More research should be conducted to understand what contributes to these perceptions. Are all field and lab experiments viewed as inherently problematic? Or is this a reflection of only certain current practices and executions of field and lab experiments? Unpacking this further could inform guidelines for using these modes of inquiry while lessening the perceived harm for research subjects, society, and the scientific community.
What study features shape ethical evaluations?
We conducted a discrete choice conjoint experiment (Hainmueller et al., 2014) to investigate what factors affect scholars’ ethical evaluations. Respondents were presented with two hypothetical political science studies five separate times.

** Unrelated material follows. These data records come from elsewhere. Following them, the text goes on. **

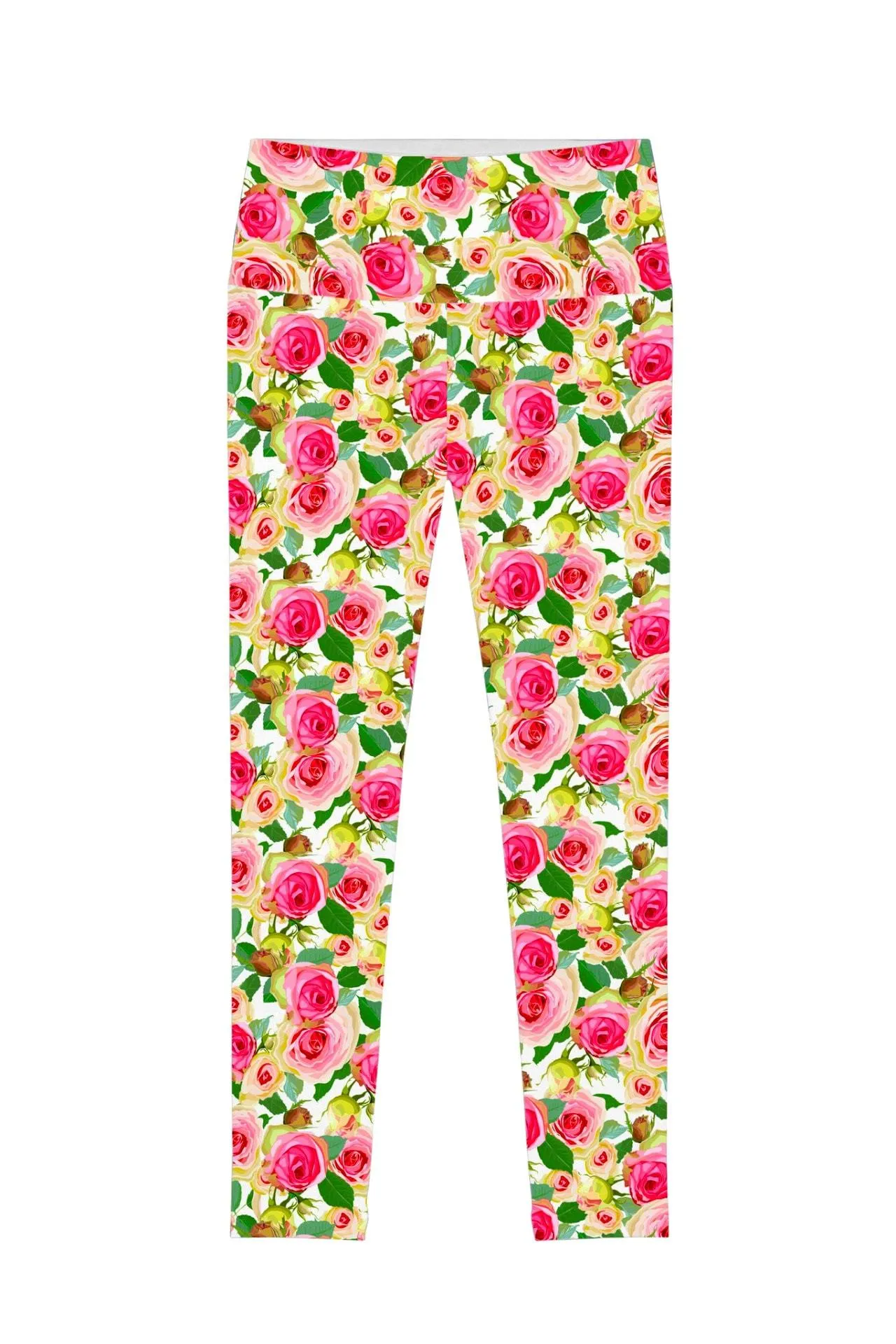 Rosarium Lucy Women's Floral Leggings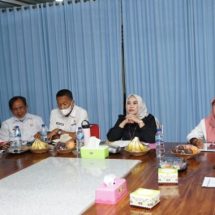 Hj.Winarni Terima Audiensi Sanggar Kegiatan Belajar Lampung Selatan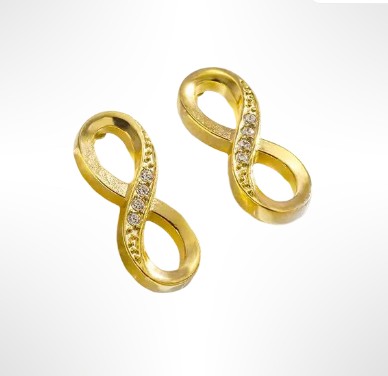 Boucles d'oreilles infini LIVI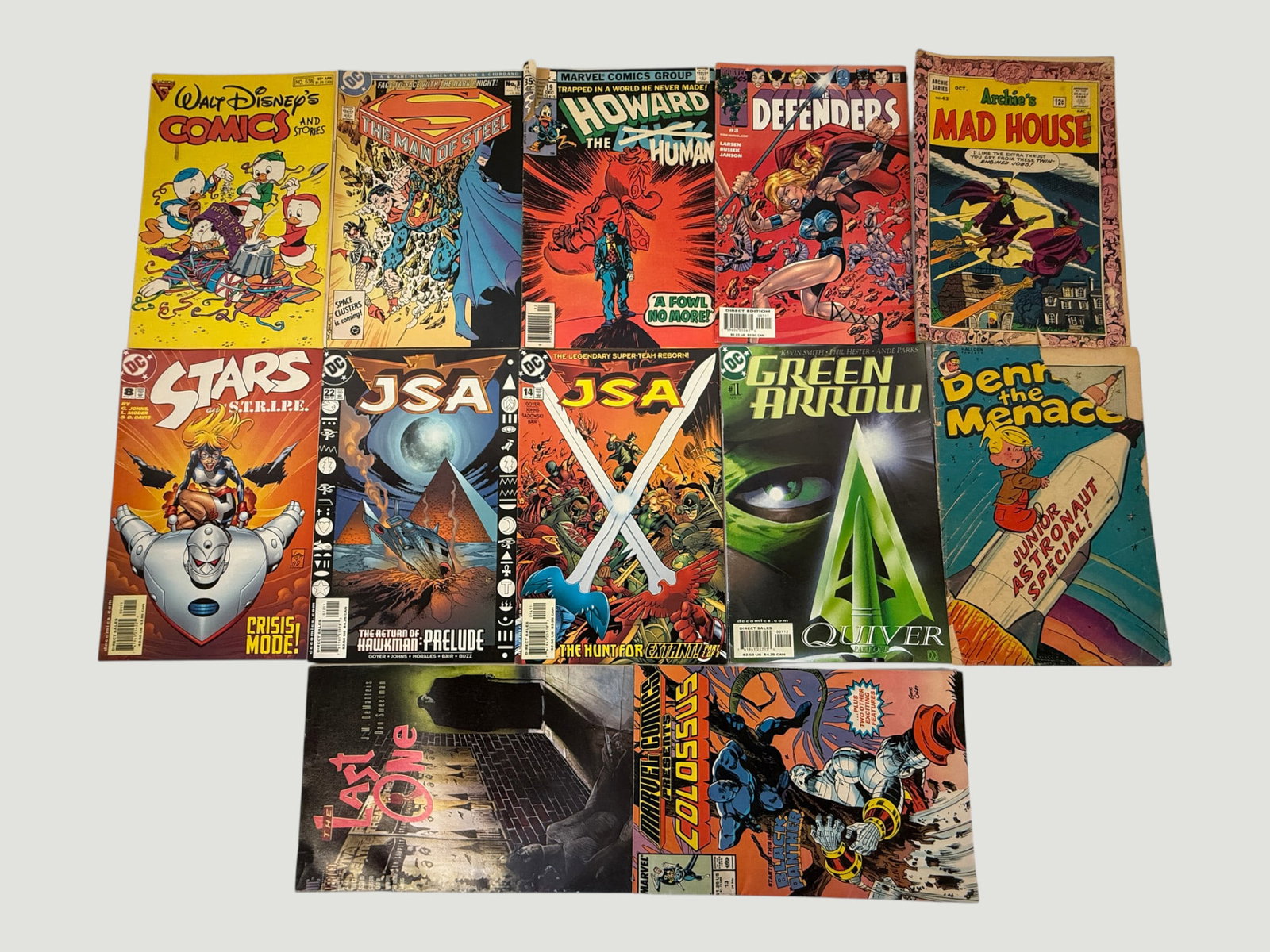 Vintage Comic Book Collection Lot (1 of 1)
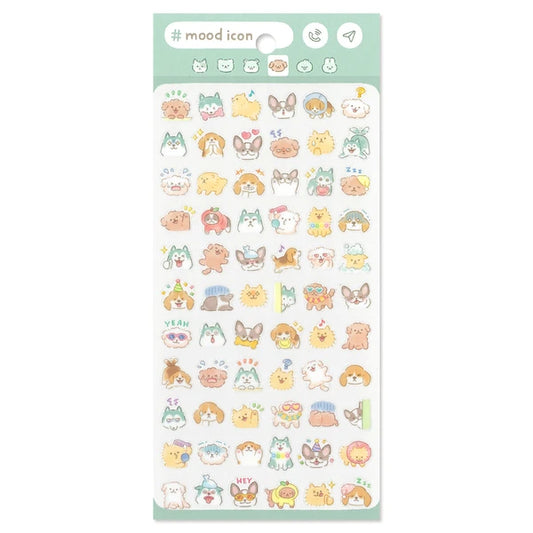 Dog Mood Stickers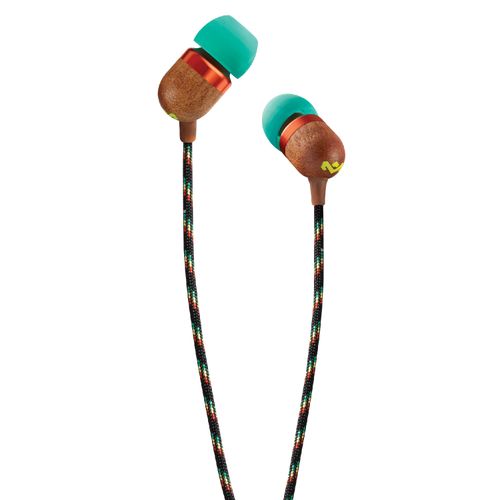 House of Marley In-ear slušalice Smile Jamaica, Rasta slika 3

Respondents were told that the purpose of both studies was “to examine whether elected officials are biased against racial/ethnic minorities, compared to non-racial/ethnic minorities.” We picked this focus for the studies in our experiment since there is significant literature on racial discrimination by political elites (Costa, 2017) and we were curious if findings in this area shape ethical perceptions.
We were particularly interested in factors related to the study design and researchers because we view these as the natural next step in research about ethics. Prior work has focused on more direct signals of ethicality but not indirect factors that may be used as heuristics that shape ethical perceptions. Each study included seven attributes: (1) author affiliation, (2) author rank, (3) publication outlet, (4) conclusions of the study, (5) methodology, (6) study location, and (7) sample size. Respondents were presented with two randomly generated profiles and were asked, “If you had to choose, which of the two studies would you say is more ethical?” By fully randomizing the profile characteristics, we can uncover the relative impact of attribute levels of study selection. See the Appendix for the full list of randomized attribute values.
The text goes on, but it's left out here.